For the first time in 20 years, overall sales in the fitness equipment industry took a ‘hit,’ but it was not due to any lack of interest in the fitness/exercise category. According to the Sporting Goods Manufacturers Association’s (SGMA) recent analysis of Tracking the Fitness Movement (2009 edition), the major reason for the dip in sales of fitness and exercise equipment can be attributed to the struggling U.S. economy.
“The fitness industry was not immune to the side effects of the tough economy. Simply put, people didn’t have the money to buy new equipment as they have in recent years or the free time needed to exercise on a regular basis,” said SGMA President Tom Cove. “Because people are aware of the importance of a regular physical fitness regimen, we expect the fitness industry to regain strength as the economy heals and home starts improve.”
While activity at the cash register suffered, participation rates were stronger. Of the 28 aerobic, conditioning, and strength activities listed in Tracking the Fitness Movement, 17 of them showed an increase in participation from 2007 to 2008. As one industry executive noted, “Americans do not consider fitness a luxury.”
The SGMA study also notes that interest in fitness activities among seniors remains very strong and sales of fitness accessories, hand weights, and exercise mats increased in 2008.
Listed below are some of the highlights of SGMA’s Tracking the Fitness Movement (2009 edition):
Rising Star – The fitness activity with the biggest percentage one-year increase in participation (2007 vs. 2008) is step aerobics a 21% increase (from 8.5 million participants in 2007 to 10.3 million participants in 2008).
Senior Sensations – Among ‘core’ participants (those who participate 50 days or more a year), nearly 30% of fitness participants were 55 years of age or older.
Top Two Attractions – The two fitness machine categories which generate the most sales are treadmills ($870 million) and elliptical machines ($687 million).
Fitness’ Top Five – The five most popular fitness activities in the U.S. are walking for fitness, treadmills, hand weights, running/jogging, and weight/resistance machines.
Inside the Numbers – There are more participants in the 65+ age group for aquatic exercise and tai chi than in any other age group.
Welcome Home. The home fitness market is roughly three times as big as the institutional market.

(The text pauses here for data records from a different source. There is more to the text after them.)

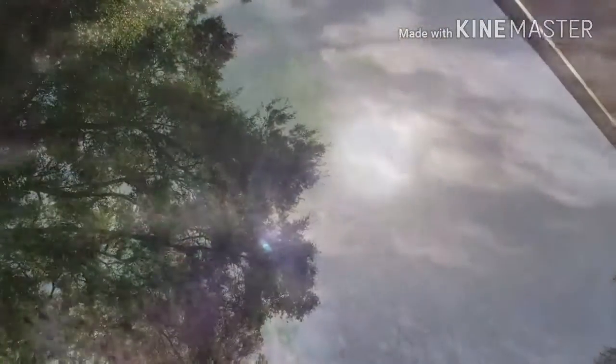Pretty darn magnificent. And no, it's not your total black as sackcloth, but it is a sign. Thanks for watching.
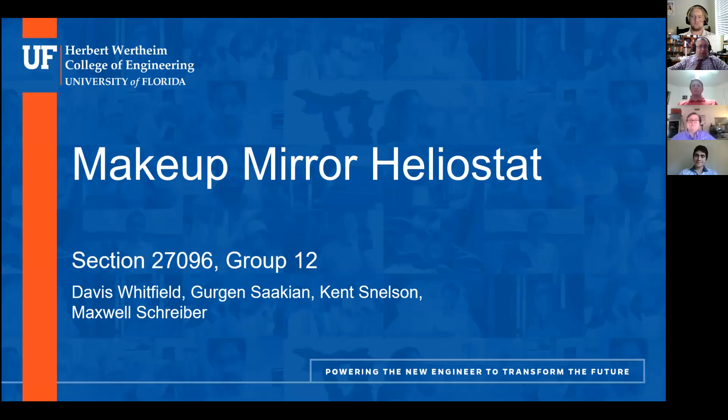We are recording, so let me hand the floor over to Group 12. We are Group 12; our members are Davis, Gergen, Kent, and Maxwell. The title of our product is the Makeup Mirror Heliostat.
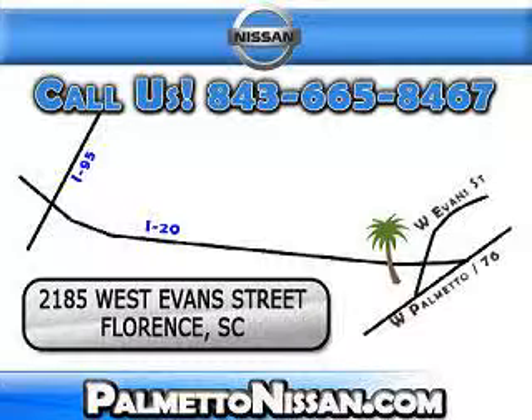You can drive away today with a great vehicle from Palmetto Nissan. We are easy to find in Florence at 2185 West Evans Street. Come see us.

The Club Scene – According to the International Health & Racquet Sports Association, 45.4 million people were members of health clubs in the U.S. in 2008.
SGMA’s Tracking the Fitness Movement (2009 edition) also contains three Special Reports:
The Play Report: This is generated from a coalition of seven of the major governing bodies and trade associations in U.S. sports and leisure. The overall aim of this report is to establish levels of activity and identify key trends in the U.S.
Manufacturers Sales of Fitness Equipment: According to SGMA, the wholesale size of the fitness industry was $4.2 billion in 2008 which represents gear and equipment sold for use in the home, clubs, and institutions, such as schools, colleges, hospitals, and hotels. Industry sales were $4.7 billion in 2007, $4.2 billion in 2004 and $3.9 billion in 2000. A slowdown in housing starts and the overall sluggish economy are to blame for decline in sales.
PRIZM Finds 12-18 Year Olds Who Use Fitness Equipment: The PRIZM technology allows you to pinpoint neighborhoods where people live who are most likely to use and buy sports and fitness equipment. Access to this ‘intelligence’ allows manufacturers to better identify their target markets so they can maximize their advertising and promotional campaigns.
Within this report, there’s a Data Bank which provides demographic details on fitness activities ranging from abdominal machines to Pilates training to yoga. Within each activity, there are charts and graphs which list total participants; participation by gender; participation by age group; the average age of the participant; the participant’s average household income; the participant’s average number of days of play in any given activity; and an analysis of the participation based on ‘frequent,’ ‘regular,’ and ‘casual’ play.